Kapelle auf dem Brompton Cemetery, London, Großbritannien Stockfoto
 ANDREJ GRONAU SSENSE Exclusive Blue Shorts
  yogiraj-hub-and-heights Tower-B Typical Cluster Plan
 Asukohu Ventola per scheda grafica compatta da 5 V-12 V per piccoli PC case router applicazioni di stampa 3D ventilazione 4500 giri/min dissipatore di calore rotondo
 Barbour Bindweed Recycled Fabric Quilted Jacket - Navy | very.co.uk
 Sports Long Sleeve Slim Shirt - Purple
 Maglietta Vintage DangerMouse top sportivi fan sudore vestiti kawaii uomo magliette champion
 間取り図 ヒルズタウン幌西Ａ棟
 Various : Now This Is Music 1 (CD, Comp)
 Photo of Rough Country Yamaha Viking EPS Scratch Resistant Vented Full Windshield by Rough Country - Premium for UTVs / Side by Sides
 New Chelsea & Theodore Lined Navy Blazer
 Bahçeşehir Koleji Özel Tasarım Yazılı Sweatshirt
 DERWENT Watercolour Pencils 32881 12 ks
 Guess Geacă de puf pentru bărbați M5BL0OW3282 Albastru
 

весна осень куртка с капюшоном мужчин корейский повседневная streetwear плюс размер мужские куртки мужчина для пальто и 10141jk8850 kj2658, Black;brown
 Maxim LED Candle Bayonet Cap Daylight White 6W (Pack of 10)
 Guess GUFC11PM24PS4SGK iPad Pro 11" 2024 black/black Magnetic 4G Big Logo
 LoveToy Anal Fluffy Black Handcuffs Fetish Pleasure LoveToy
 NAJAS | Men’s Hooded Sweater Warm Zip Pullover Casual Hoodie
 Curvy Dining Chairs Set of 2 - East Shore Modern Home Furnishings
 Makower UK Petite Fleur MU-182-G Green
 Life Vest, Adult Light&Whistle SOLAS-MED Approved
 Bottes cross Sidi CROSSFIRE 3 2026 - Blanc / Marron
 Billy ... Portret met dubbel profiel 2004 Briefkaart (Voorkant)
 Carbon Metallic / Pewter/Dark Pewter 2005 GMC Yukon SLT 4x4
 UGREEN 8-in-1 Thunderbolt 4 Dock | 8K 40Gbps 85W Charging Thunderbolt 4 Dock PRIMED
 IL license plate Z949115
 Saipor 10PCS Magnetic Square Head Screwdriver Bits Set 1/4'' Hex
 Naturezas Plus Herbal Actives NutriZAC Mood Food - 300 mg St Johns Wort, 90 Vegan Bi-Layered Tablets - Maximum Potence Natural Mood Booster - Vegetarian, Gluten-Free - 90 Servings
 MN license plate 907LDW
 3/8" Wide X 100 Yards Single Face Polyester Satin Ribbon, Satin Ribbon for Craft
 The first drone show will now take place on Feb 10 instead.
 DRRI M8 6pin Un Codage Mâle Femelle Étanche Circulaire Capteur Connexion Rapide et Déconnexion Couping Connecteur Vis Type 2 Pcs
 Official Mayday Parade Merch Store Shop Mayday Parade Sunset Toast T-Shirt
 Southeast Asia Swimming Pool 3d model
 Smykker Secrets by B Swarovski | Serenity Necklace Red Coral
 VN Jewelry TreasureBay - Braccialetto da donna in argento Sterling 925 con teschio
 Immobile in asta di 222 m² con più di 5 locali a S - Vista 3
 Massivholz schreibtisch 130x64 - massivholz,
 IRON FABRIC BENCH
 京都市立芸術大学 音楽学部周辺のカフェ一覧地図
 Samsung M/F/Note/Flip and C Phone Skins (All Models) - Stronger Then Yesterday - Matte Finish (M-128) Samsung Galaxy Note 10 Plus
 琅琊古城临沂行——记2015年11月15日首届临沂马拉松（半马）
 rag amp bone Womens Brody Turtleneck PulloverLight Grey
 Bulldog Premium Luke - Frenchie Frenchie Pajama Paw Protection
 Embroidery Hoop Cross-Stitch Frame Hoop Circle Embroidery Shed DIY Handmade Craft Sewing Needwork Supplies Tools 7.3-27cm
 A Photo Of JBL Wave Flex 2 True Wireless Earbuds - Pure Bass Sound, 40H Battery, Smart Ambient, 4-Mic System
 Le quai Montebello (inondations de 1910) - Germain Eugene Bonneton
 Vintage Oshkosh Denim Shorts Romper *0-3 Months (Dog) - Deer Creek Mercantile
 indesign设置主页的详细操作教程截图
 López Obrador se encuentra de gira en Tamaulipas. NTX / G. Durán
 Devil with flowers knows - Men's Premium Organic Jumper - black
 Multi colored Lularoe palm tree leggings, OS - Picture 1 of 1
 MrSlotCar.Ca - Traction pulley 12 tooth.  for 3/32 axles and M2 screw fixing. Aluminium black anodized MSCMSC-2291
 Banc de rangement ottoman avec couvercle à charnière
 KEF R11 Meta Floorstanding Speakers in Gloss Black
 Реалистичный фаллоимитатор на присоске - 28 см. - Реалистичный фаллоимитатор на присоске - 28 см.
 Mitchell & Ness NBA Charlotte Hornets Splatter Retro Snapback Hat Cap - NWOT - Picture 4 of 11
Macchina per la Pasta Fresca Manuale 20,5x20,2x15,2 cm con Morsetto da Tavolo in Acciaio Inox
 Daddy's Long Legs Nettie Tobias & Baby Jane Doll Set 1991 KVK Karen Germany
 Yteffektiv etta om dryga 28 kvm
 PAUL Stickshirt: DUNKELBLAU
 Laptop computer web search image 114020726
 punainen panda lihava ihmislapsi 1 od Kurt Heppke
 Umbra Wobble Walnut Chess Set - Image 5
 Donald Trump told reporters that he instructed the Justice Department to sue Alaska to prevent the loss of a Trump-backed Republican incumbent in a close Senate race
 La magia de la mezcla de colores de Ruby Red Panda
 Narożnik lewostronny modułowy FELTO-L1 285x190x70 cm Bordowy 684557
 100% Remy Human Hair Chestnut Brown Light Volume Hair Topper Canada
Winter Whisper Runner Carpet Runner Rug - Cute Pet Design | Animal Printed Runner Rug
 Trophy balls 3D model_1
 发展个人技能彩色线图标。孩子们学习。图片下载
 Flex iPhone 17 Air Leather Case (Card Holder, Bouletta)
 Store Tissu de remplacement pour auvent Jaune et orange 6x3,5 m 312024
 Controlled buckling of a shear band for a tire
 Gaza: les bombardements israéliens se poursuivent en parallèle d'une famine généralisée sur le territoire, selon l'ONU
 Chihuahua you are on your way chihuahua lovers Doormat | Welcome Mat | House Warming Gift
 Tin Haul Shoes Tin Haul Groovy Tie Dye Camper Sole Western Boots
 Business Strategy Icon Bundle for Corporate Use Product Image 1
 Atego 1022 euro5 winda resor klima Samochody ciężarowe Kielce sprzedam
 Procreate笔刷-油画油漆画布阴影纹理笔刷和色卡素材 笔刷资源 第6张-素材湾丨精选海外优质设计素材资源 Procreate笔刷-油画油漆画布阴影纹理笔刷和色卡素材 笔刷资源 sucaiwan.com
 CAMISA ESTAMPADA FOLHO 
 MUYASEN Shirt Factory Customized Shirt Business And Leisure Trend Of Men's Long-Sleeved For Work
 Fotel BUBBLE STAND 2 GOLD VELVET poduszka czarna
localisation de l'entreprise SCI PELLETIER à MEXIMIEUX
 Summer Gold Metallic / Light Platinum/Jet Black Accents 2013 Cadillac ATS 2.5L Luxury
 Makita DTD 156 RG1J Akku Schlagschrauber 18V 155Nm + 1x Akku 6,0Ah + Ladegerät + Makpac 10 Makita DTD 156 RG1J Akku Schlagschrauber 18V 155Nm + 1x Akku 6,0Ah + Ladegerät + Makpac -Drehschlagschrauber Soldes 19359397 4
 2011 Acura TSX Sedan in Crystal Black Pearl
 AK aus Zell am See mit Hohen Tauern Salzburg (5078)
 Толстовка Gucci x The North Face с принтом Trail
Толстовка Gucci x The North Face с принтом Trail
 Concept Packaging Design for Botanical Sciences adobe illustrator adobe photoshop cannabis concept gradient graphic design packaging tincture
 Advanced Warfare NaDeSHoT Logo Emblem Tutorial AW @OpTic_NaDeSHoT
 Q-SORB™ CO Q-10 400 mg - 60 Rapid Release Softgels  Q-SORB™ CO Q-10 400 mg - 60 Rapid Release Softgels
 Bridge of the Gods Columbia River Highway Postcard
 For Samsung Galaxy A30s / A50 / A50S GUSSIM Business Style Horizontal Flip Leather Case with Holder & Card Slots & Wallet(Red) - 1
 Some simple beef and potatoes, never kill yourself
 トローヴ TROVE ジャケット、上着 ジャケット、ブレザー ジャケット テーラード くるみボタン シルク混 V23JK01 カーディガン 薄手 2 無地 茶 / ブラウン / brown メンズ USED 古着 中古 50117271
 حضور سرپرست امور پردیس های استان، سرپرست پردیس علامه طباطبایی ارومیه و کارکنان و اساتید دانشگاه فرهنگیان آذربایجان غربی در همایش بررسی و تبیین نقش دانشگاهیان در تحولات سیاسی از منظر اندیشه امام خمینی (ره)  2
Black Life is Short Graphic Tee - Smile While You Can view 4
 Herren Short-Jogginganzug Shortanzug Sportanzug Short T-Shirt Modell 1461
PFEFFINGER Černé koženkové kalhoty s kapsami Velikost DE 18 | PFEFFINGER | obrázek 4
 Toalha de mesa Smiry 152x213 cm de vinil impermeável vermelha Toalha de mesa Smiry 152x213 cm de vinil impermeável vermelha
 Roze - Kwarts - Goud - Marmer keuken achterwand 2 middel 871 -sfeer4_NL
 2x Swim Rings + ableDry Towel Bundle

### Required work
Please copy, without any change, the lines of the material from the first through the one containing "Various : Now This Is Music 1 (CD, Comp)". Write nothing else.

### Result for this task
Kapelle auf dem Brompton Cemetery, London, Großbritannien Stockfoto
 ANDREJ GRONAU SSENSE Exclusive Blue Shorts
  yogiraj-hub-and-heights Tower-B Typical Cluster Plan
 Asukohu Ventola per scheda grafica compatta da 5 V-12 V per piccoli PC case router applicazioni di stampa 3D ventilazione 4500 giri/min dissipatore di calore rotondo
 Barbour Bindweed Recycled Fabric Quilted Jacket - Navy | very.co.uk
 Sports Long Sleeve Slim Shirt - Purple
 Maglietta Vintage DangerMouse top sportivi fan sudore vestiti kawaii uomo magliette champion
 間取り図 ヒルズタウン幌西Ａ棟
 Various : Now This Is Music 1 (CD, Comp)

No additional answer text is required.